Au fil des années, on a tenté d’expliquer le geste de Marc Lépine. On a dit, entre autres, qu’il ne s’agissait que d’un acte de folie. Mais, c’est minimiser l’acte que d’évacuer le féminicide d’un geste qui était clairement dirigé vers les femmes. La lettre qu’a laissée Lépine en témoigne.

Des violences toujours présentes
Vingt-neuf ans plus tard, nous avons encore du mal à nommer la violence faite aux femmes en la cachant sous des termes plus politiquement corrects comme « drame familial » ou « crime passionnel ». On nie la violence faite aux femmes quand on fait semblant d’ignorer que nos sœurs autochtones sont plus à risque de subir des violences, de disparaître ou d’être assassinées. On nie la situation des femmes quand ont sait que l’itinérance des femmes est particulièrement taboue et que les maisons d’hébergements pour femmes sont moins subventionnées que celles pour hommes. On refuse aux femmes le droit de se vêtir comme elles le veulent quand on tente de contrôler ce qu’elles peuvent porter ou non dans l’espace public. Et on ose les menacer de perdre leurs emplois si elles refusent de s’y conformer. Et j’en passe.

Le système est basé sur les inégalités
En taisant les violences économiques et politiques que subissent les femmes, on détourne le regard de leur cause profonde : le système actuel. Notre société capitaliste est basée sur les inégalités, qu’elles concernent le sexe, la couleur de la peau ou la religion. Ce système nous divise pour nous en donner toujours moins.
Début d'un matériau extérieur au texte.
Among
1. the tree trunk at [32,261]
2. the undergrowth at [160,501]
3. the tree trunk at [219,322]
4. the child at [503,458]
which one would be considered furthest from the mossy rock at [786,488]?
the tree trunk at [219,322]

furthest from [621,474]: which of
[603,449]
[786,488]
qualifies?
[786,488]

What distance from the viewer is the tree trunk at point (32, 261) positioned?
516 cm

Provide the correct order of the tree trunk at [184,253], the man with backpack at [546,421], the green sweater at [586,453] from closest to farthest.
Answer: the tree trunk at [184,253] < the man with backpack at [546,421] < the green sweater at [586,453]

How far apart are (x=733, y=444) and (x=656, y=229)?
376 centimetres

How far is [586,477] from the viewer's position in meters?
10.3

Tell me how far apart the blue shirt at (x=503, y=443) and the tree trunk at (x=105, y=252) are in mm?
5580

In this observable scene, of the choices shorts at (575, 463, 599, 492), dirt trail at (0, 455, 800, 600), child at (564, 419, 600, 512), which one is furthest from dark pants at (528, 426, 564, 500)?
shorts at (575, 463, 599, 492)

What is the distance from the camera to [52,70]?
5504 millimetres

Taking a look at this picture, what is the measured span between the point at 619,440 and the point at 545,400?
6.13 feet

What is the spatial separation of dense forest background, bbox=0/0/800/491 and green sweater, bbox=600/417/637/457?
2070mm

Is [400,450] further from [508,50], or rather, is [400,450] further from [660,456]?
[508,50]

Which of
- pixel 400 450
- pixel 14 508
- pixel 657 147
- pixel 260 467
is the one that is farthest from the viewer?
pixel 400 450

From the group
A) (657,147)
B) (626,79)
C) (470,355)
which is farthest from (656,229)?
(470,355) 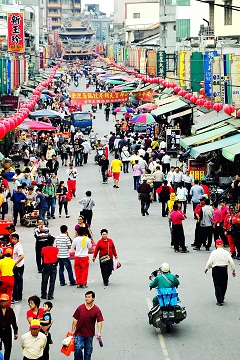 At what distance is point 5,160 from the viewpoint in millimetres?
36406

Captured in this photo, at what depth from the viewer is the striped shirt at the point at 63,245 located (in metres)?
17.6

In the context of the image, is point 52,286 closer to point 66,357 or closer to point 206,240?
point 66,357

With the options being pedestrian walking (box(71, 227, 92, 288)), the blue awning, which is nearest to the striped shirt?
pedestrian walking (box(71, 227, 92, 288))

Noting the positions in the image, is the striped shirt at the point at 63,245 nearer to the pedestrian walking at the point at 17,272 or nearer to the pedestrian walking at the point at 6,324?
the pedestrian walking at the point at 17,272

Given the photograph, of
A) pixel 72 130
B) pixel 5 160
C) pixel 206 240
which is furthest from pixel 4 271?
pixel 72 130

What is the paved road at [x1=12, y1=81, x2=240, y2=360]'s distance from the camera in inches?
533

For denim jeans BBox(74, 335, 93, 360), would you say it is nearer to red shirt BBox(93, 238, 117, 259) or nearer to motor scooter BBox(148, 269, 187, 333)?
motor scooter BBox(148, 269, 187, 333)

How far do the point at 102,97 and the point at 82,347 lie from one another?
54560mm

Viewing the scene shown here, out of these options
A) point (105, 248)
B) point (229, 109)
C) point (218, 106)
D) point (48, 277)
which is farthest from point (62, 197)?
point (48, 277)

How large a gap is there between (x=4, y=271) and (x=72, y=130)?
39.4 m

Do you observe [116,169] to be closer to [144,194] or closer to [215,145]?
[215,145]

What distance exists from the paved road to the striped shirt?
0.65 meters

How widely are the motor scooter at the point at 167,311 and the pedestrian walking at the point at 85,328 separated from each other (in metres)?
2.01

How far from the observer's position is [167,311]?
1434 centimetres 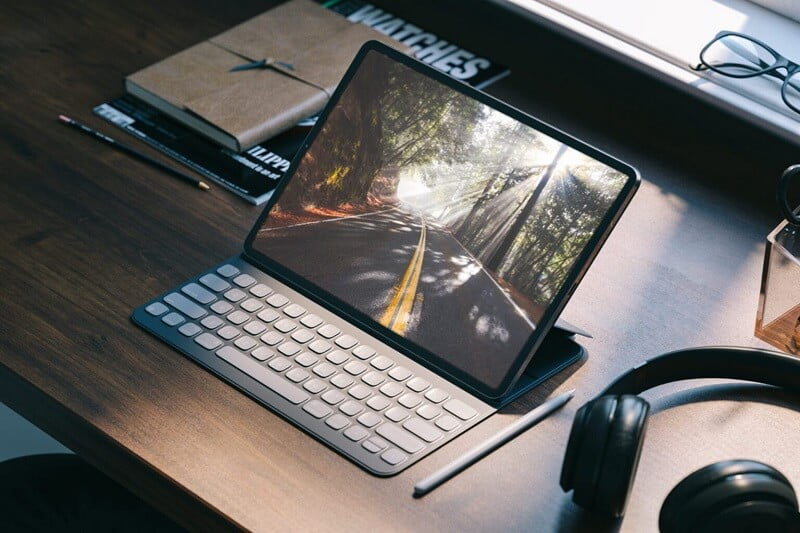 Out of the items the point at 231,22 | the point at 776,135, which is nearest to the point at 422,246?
the point at 776,135

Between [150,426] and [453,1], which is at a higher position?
[453,1]

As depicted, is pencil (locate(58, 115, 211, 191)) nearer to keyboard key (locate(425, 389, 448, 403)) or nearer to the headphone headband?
keyboard key (locate(425, 389, 448, 403))

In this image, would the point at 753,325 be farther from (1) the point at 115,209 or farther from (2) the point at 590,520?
(1) the point at 115,209

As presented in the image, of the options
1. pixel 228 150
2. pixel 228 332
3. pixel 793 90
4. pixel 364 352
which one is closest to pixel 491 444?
pixel 364 352

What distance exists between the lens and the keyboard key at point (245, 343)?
3.04 ft

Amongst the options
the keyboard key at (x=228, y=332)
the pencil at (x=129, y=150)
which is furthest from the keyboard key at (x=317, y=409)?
the pencil at (x=129, y=150)

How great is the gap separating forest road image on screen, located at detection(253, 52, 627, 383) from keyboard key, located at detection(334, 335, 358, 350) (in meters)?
0.03

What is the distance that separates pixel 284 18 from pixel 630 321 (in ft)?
2.01

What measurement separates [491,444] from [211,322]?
0.88ft

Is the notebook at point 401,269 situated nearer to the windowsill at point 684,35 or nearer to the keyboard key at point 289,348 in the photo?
the keyboard key at point 289,348

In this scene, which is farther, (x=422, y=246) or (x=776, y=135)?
(x=776, y=135)

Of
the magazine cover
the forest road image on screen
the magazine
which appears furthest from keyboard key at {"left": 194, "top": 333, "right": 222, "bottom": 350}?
the magazine cover

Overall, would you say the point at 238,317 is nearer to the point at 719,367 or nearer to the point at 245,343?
the point at 245,343

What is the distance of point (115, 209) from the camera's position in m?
1.08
Au bout du compte, il ne profite qu’aux élites.

Les politiques d’austérité, les salaires insuffisants et le manque de services sociaux sont des réalités qui diminuent l’indépendance financière des femmes qui souffrent de violences. En luttant contre les inégalités économiques, nous luttons pour l’amélioration des conditions de vie des femmes. En luttant pour des emplois stables, un salaire décent tout au long de la vie ou pour une éducation gratuite, accessible et de qualité, nous aidons à construire une société où tout le monde peut développer ses capacités.

Le capitalisme en crise est de moins en moins capable d’offrir à la majorité de la population des perspectives d’avenir positif. Des tueurs de masse comme Marc Lépine à Montréal ou plus récemment Alek Minassian à Toronto en sont venus à prendre les femmes comme boucs émissaires des problèmes que la société leur a fait subir.
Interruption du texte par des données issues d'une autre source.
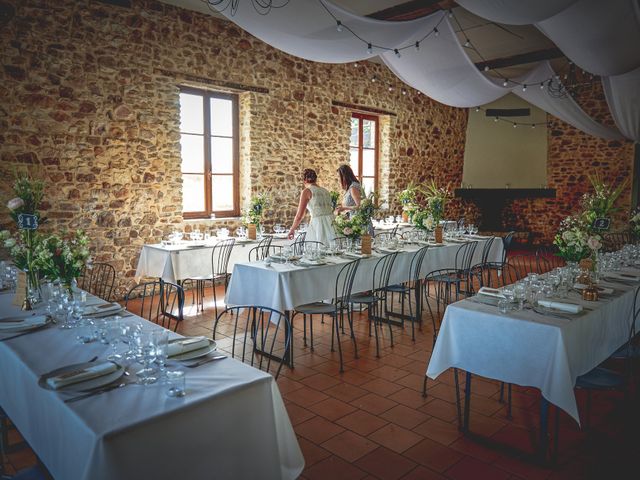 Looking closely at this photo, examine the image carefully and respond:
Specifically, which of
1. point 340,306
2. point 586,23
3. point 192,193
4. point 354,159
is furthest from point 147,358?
point 354,159

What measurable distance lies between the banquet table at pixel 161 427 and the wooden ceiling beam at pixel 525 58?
9754mm

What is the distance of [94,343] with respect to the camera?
8.82 feet

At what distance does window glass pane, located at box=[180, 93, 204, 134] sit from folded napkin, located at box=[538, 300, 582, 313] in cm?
623

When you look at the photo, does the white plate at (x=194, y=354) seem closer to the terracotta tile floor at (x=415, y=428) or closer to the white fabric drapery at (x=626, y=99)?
the terracotta tile floor at (x=415, y=428)

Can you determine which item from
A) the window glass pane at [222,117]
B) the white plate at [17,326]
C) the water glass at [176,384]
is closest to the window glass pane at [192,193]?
the window glass pane at [222,117]

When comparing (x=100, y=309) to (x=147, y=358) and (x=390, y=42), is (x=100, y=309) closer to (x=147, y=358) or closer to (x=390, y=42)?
(x=147, y=358)

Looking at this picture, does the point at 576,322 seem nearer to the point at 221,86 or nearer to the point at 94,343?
the point at 94,343

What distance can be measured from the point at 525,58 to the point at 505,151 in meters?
3.96

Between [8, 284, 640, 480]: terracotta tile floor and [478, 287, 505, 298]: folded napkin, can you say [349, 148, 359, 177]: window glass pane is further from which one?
[478, 287, 505, 298]: folded napkin

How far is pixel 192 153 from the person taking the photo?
8094 millimetres

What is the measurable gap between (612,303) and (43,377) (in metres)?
3.64

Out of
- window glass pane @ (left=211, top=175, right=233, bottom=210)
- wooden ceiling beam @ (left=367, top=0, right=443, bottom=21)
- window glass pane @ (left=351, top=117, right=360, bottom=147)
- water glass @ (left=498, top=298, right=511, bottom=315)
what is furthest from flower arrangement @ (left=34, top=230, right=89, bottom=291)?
window glass pane @ (left=351, top=117, right=360, bottom=147)

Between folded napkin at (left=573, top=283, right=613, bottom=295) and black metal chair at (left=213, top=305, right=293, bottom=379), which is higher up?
folded napkin at (left=573, top=283, right=613, bottom=295)

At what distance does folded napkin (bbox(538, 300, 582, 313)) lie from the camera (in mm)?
3295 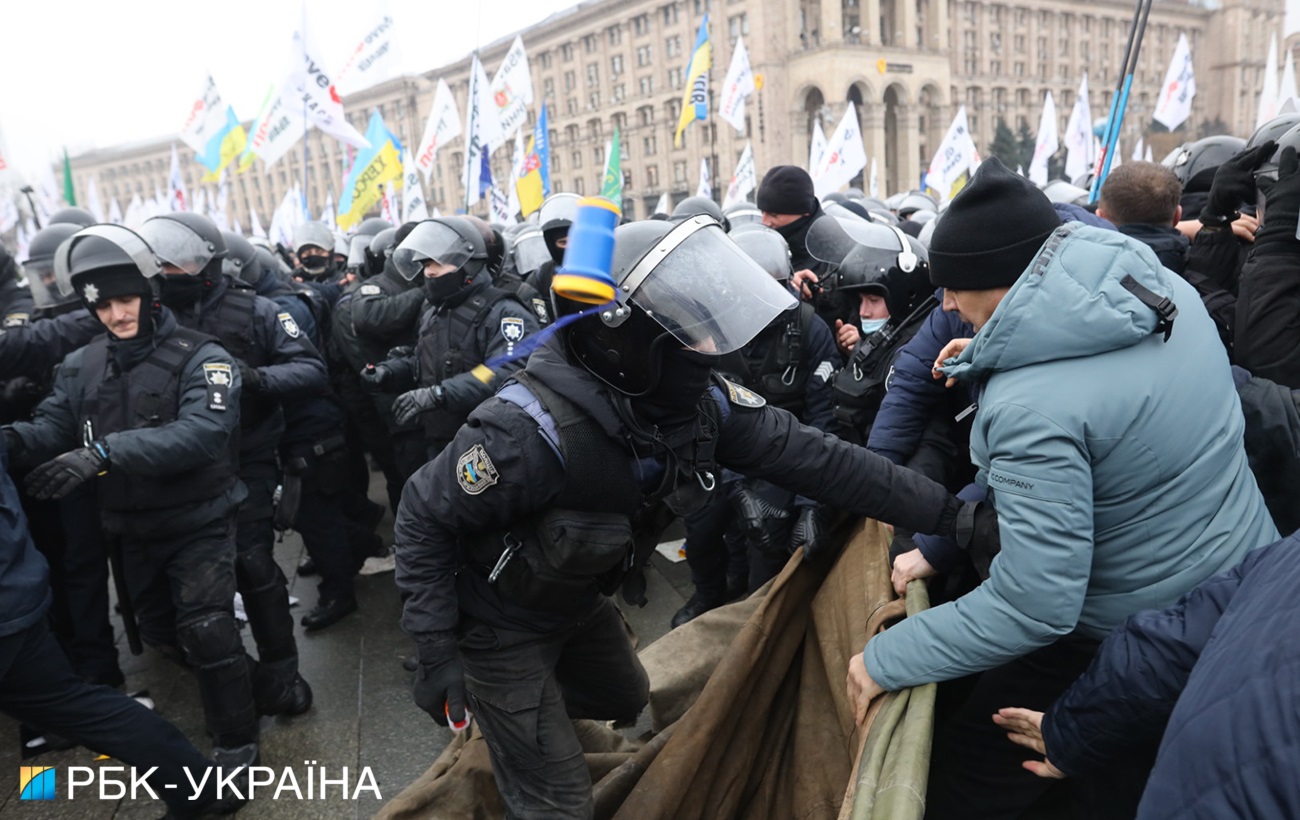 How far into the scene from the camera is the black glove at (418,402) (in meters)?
3.97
C’est pour ces raisons que nous luttons pour une société socialiste : pour l’élimination des violences économiques que subissent les femmes, les travailleurs·euses et la jeunesse! Et notre solidarité sera notre outil pour y arriver!

Aujourd’hui, pour ne jamais oublier les victimes de Polytechnique ainsi que toutes les femmes qui ont subi et qui subissent des violences, prenons un instant pour nous souvenir de :
Geneviève Bergeron
Hélène Colgan
Nathalie Croteau
Barbara Daigneault
Anne-Marie Edward
Maud Haviernick
Barbara Klucznik-Widajewicz
Maryse Laganière
Maryse Leclair
Anne-Marie Lemay
Sonia Pelletier
Michèle Richard
Annie St-Arneault
Annie Turcotte

Alexandra L.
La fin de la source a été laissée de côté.